╭──

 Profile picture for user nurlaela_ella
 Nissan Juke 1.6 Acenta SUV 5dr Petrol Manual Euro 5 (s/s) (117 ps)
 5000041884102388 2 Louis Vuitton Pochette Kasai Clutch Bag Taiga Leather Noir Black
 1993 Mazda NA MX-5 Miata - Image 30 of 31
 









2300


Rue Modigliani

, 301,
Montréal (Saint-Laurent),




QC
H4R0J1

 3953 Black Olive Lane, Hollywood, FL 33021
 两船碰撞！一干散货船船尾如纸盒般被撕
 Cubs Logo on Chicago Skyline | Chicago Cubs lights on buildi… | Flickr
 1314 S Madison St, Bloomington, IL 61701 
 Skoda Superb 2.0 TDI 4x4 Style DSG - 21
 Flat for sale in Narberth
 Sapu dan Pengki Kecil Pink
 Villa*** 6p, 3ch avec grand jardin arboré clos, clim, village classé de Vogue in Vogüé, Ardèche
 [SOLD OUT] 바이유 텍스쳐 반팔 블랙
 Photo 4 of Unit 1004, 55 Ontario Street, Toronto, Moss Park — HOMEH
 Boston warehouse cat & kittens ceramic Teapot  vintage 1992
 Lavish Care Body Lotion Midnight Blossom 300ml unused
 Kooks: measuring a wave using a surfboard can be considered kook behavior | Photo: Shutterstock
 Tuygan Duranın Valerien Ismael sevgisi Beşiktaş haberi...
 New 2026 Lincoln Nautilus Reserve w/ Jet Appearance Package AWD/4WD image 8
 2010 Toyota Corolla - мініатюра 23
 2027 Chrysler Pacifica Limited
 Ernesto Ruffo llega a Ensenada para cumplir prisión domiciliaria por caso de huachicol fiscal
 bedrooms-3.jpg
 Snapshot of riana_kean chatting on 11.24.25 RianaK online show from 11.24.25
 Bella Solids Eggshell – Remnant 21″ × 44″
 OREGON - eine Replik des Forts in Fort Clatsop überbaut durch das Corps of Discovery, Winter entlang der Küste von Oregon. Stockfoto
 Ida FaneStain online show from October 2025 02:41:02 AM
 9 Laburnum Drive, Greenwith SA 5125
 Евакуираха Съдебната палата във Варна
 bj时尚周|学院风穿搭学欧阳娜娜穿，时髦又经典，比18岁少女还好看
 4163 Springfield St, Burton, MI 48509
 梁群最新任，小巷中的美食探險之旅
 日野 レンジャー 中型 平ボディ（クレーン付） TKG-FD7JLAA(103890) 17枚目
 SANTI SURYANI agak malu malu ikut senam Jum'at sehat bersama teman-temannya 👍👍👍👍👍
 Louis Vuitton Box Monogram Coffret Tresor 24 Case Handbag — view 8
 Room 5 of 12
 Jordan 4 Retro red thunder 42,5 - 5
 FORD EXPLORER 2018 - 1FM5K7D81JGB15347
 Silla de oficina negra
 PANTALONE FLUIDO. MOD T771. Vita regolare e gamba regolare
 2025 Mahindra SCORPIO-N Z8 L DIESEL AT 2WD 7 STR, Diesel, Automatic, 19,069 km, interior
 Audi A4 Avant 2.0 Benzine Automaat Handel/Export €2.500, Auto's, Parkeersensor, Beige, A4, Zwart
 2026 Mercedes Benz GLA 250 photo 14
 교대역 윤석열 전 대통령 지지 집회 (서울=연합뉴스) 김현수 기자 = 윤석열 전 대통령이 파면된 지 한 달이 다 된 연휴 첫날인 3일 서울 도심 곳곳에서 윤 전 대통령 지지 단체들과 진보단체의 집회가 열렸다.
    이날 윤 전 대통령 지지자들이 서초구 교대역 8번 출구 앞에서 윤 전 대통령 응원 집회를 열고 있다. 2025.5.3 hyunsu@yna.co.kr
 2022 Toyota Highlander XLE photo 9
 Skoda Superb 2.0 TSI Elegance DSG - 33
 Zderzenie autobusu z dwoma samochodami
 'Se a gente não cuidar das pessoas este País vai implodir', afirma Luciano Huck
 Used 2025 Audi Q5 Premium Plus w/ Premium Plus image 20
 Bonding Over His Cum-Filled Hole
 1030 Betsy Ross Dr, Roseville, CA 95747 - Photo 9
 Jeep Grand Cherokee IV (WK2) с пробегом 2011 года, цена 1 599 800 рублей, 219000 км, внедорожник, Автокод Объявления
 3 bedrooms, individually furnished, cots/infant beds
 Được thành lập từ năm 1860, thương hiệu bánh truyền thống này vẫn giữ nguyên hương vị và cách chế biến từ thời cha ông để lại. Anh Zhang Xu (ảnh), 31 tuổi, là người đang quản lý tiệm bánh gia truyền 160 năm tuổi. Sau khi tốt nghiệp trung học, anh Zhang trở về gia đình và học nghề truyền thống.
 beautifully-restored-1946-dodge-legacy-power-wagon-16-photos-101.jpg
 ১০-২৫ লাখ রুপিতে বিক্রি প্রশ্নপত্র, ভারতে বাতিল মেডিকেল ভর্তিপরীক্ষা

╰──

In the material above, find the line containing "OREGON - eine" and the line containing "Bonding Over His Cum-Filled Hole", then write out exactly those two lines and every line between them, and nothing more.

 OREGON - eine Replik des Forts in Fort Clatsop überbaut durch das Corps of Discovery, Winter entlang der Küste von Oregon. Stockfoto
 Ida FaneStain online show from October 2025 02:41:02 AM
 9 Laburnum Drive, Greenwith SA 5125
 Евакуираха Съдебната палата във Варна
 bj时尚周|学院风穿搭学欧阳娜娜穿，时髦又经典，比18岁少女还好看
 4163 Springfield St, Burton, MI 48509
 梁群最新任，小巷中的美食探險之旅
 日野 レンジャー 中型 平ボディ（クレーン付） TKG-FD7JLAA(103890) 17枚目
 SANTI SURYANI agak malu malu ikut senam Jum'at sehat bersama teman-temannya 👍👍👍👍👍
 Louis Vuitton Box Monogram Coffret Tresor 24 Case Handbag — view 8
 Room 5 of 12
 Jordan 4 Retro red thunder 42,5 - 5
 FORD EXPLORER 2018 - 1FM5K7D81JGB15347
 Silla de oficina negra
 PANTALONE FLUIDO. MOD T771. Vita regolare e gamba regolare
 2025 Mahindra SCORPIO-N Z8 L DIESEL AT 2WD 7 STR, Diesel, Automatic, 19,069 km, interior
 Audi A4 Avant 2.0 Benzine Automaat Handel/Export €2.500, Auto's, Parkeersensor, Beige, A4, Zwart
 2026 Mercedes Benz GLA 250 photo 14
 교대역 윤석열 전 대통령 지지 집회 (서울=연합뉴스) 김현수 기자 = 윤석열 전 대통령이 파면된 지 한 달이 다 된 연휴 첫날인 3일 서울 도심 곳곳에서 윤 전 대통령 지지 단체들과 진보단체의 집회가 열렸다.
    이날 윤 전 대통령 지지자들이 서초구 교대역 8번 출구 앞에서 윤 전 대통령 응원 집회를 열고 있다. 2025.5.3 hyunsu@yna.co.kr
 2022 Toyota Highlander XLE photo 9
 Skoda Superb 2.0 TSI Elegance DSG - 33
 Zderzenie autobusu z dwoma samochodami
 'Se a gente não cuidar das pessoas este País vai implodir', afirma Luciano Huck
 Used 2025 Audi Q5 Premium Plus w/ Premium Plus image 20
 Bonding Over His Cum-Filled Hole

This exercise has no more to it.